Why should out-of-towners have all the fun? Alcatraz is one of the most famous tourist attractions in San Francisco, if not the whole country. But how many Bay Area kids have ever been? Not mine. I seized a recent non-camp, non-vacation mid-week summer day to bring my four kids, age 5 to 11, on a tour of Alcatraz for the first time. They loved it!

Alcatraz Ferry View
The Alcatraz Ferry ride is a short, smooth ride that everyone enjoyed | Photo: Julie Herson

Pro-tip: During the school year, consider taking advantage of district specific school’s out days to enjoy less crowds).

We recommend visiting Alcatraz to families with kids ages 6+ who can walk up 1/4 mile of steep paths and still handle the mechanics of a one-hour audio tour. It was a great trip for a day off and would have been amazing with grandparents.

What to expect on Alcatraz with kids

There are a few different tour options. My best estimate for a standard tour with children is about 2-3 hours (including the ferry ride). Alcatraz Tour tickets include a round-trip ferry ride (15 minutes each way); access to wander the island; a one-hour self-guided audio tour; Junior Rangers activity book and badge; 20-minute historical movie. You are allowed to stay as long as you like.
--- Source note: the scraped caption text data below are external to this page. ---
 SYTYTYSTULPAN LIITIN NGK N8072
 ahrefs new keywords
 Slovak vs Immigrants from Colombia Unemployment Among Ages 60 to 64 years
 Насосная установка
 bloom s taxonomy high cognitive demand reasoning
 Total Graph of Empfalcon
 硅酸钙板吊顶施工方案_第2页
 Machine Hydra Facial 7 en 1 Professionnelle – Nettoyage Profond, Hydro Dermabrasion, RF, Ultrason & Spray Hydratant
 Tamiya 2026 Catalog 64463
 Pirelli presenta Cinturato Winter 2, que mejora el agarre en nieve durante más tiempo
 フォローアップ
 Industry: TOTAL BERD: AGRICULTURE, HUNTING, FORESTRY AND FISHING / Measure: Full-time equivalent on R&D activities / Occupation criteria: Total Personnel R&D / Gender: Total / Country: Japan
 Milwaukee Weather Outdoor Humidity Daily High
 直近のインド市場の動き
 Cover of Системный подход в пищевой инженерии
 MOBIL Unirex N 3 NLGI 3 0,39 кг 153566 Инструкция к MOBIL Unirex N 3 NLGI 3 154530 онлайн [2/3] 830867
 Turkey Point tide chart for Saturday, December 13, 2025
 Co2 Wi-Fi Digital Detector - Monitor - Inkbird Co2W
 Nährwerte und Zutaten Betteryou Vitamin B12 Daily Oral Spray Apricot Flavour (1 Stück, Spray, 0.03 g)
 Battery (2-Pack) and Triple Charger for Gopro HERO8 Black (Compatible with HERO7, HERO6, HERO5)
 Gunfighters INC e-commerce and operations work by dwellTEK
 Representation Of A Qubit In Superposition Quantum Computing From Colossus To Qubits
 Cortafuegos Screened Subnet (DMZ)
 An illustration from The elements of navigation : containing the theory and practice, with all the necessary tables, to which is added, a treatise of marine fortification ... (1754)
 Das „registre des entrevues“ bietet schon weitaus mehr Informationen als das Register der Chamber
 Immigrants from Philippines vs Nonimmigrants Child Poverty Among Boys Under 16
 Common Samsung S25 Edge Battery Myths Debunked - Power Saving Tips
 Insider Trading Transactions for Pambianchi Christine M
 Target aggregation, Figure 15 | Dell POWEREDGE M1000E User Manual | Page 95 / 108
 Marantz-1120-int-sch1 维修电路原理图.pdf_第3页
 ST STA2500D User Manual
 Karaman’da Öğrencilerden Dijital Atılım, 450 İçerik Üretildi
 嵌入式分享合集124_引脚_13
kids looking in prison cell
The audio tour is very engaging for school-aged kids | Photo: Julie Herson

We skipped the extra exploration and the free movie, we departed Pier 33 at 9:40 am and left Alcatraz at around noon. If you book the very first tour of the day, you will skip the heaviest crowds.

Kid highlights of Alcatraz

The scavenger hunt associated with the Jr. Rangers program was quite engaging for them; it kept their eyes open to different parts of the island as we walked around. And it is FREE. Bring your own pencils since the Ranger station won’t always have some to lend out.

kids walking down path of flowers
The wild flowers and gardens of Alcatraz are stunning right now | Photo: Julie Herson

The audio tour was great for my 9 and 11 year-olds; my 7 year-old mostly enjoyed it, while my 5 year-old when asked if she understood any of it afterwards said, “I didn’t understand any of it at all”. Luckily she did enjoy walking around, seeing and touching all the things.

The tour ends in the gift shop (of course), which has a lot of cool historical books for older kids. Little ones will want one of the cool brass keys to remind him of the guards and famous escape attempts, which was fine by me since I still have mine from when I went on a school field trip as a kid eons ago.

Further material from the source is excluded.